Cho Geum Joon, Jung Un Suk, Sim Jae Young, Lee Yoo Jin, Bae Na Young, Choi Hye Jin, Park Jong Heon, Kim Hai-Joong, Oh Min-Jeong
Department of Obstetrics and Gynecology, Korea University College of Medicine, Seoul, Korea.
Department of Obstetrics and Gynecology, Hanyang University Guri Hospital, College of Medicine, Hanyang University, Guri, Korea.
Obstet Gynecol Sci. 2019 Jul;62(4):233-241. doi: 10.5468/ogs.2019.62.4.233. Epub 2019 Jun 17.
This study aimed to determine the association between preeclampsia and the postpartum development of metabolic syndrome based on the pre-pregnancy status.
Korean women who delivered their first child between January 1, 2011, and December 31, 2012, were enrolled. All subjects underwent a national health screening examination conducted by the National Health Insurance Corporation 1 or 2 years prior to their first delivery and within 2 years after their first delivery.
Among the 49,065 participants, preeclampsia developed in 3,391 participants (6.9%). The prevalence of metabolic syndrome was higher postpartum in women with preeclampsia than in those without preeclampsia (4.9% vs. 2.7%, respectively, <0.001). Through the pre-pregnancy to postpartum period, women with preeclampsia had a greater increase in gestational weight retention, body mass index, waist circumference, systolic blood pressure, and triglyceride levels and a greater decrease in high-density lipoprotein cholesterol levels than women without preeclampsia. Preeclampsia was associated with an increased risk of the postpartum development of metabolic syndrome in women without pre-pregnancy metabolic syndrome (odds ratio, 1.28; 95% confidence interval, 1.05-1.56). However, preeclampsia was not associated with postpartum metabolic syndrome in women with pre-pregnancy metabolic syndrome or 2 components of metabolic syndrome.

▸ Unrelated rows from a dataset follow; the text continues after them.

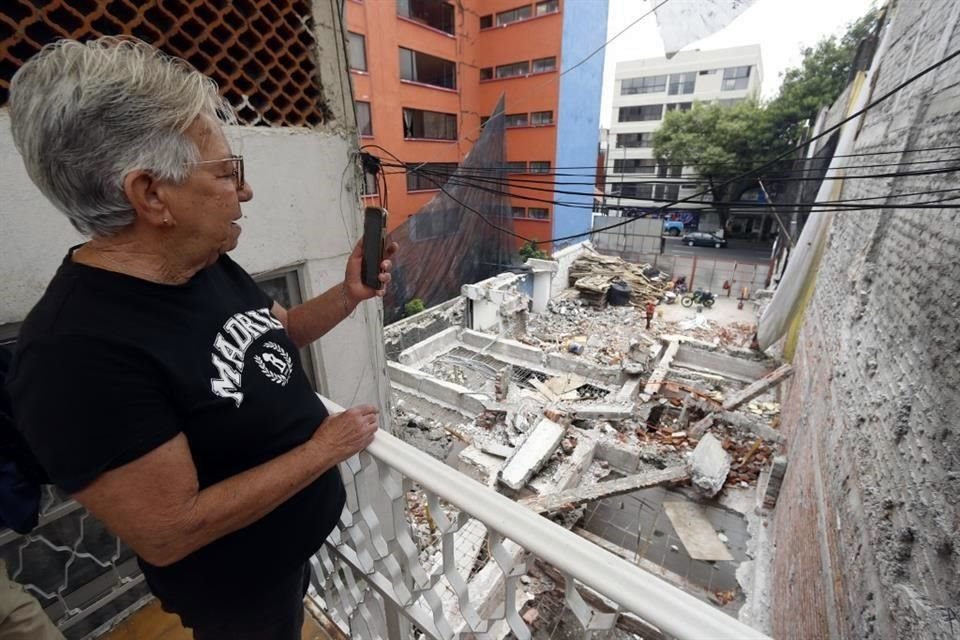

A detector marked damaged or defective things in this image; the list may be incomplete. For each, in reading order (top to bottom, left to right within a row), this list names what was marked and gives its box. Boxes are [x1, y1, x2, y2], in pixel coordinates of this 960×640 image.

broken concrete slab [640, 340, 680, 400]
broken concrete slab [720, 364, 796, 410]
broken concrete slab [498, 418, 568, 488]
broken concrete slab [516, 462, 688, 512]
broken concrete slab [688, 432, 732, 498]
broken concrete slab [660, 500, 736, 560]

In this study, preeclampsia was associated with the postpartum development of metabolic syndrome in women without pre-pregnancy metabolic syndrome. However, the effects were attenuated by predisposing risk factors in the pre-pregnancy period.
本研究旨在根据孕前状况确定子痫前期与产后代谢综合征发生之间的关联。
纳入2011年1月1日至2012年12月31日期间首次分娩的韩国女性。所有受试者在首次分娩前1或2年以及首次分娩后2年内接受了由国民健康保险公团进行的全国健康筛查检查。

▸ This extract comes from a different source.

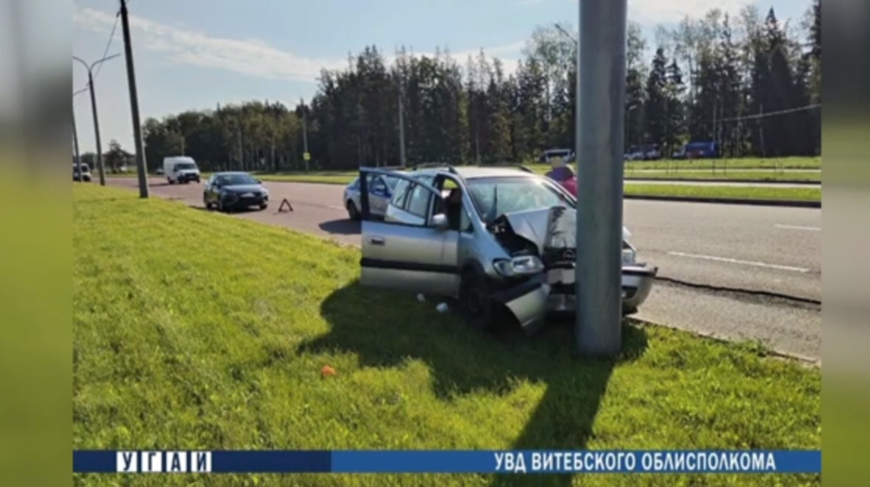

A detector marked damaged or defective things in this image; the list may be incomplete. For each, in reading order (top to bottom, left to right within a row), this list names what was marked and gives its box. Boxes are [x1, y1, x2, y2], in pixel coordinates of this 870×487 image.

crashed car [358, 167, 656, 332]
damaged car hood [494, 207, 632, 255]
crumpled hood [498, 207, 628, 258]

在49065名参与者中,3391名参与者(6.9%)发生了子痫前期。子痫前期女性产后代谢综合征的患病率高于无子痫前期的女性(分别为4.9%和2.7%,<0.001)。从孕前到产后阶段,子痫前期女性的孕期体重增加、体重指数、腰围、收缩压和甘油三酯水平的增幅更大,高密度脂蛋白胆固醇水平的降幅比无子痫前期的女性更大。子痫前期与无孕前代谢综合征的女性产后发生代谢综合征的风险增加相关(优势比,1.28;95%置信区间,1.05 - 1.56)。然而,子痫前期与有孕前代谢综合征或代谢综合征两个组分的女性产后代谢综合征无关。
在本研究中,子痫前期与无孕前代谢综合征的女性产后代谢综合征的发生相关。然而,这些影响在孕期因易感风险因素而减弱。